What to produce ->
Give the count of lines that hold the word "will" in this listing, with nothing added.
· · · · · · ·
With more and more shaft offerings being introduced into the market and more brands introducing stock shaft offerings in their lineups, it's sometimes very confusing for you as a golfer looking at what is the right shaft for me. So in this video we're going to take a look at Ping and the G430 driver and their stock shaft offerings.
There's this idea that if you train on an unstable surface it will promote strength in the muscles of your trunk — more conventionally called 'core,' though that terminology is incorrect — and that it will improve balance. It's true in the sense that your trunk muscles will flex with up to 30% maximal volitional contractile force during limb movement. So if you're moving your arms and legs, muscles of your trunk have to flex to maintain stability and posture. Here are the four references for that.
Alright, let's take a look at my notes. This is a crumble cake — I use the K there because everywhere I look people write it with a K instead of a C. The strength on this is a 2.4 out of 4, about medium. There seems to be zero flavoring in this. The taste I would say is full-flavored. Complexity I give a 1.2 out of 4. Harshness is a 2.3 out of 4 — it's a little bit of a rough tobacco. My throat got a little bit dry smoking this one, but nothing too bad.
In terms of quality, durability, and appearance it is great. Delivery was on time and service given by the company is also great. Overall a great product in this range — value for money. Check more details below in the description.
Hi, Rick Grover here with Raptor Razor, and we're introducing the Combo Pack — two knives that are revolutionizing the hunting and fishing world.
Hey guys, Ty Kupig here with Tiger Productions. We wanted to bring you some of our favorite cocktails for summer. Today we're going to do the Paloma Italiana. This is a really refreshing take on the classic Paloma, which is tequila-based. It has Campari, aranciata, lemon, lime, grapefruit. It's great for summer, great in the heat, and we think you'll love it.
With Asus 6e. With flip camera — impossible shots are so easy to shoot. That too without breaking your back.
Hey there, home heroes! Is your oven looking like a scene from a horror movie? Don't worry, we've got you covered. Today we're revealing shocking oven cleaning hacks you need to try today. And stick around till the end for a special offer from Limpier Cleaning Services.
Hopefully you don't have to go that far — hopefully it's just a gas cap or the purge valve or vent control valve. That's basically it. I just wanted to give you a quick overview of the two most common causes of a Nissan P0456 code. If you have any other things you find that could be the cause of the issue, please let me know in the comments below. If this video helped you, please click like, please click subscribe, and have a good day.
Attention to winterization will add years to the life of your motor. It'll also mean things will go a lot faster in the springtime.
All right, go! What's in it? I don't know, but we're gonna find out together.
· · · · · · ·
Exercise solution ->
2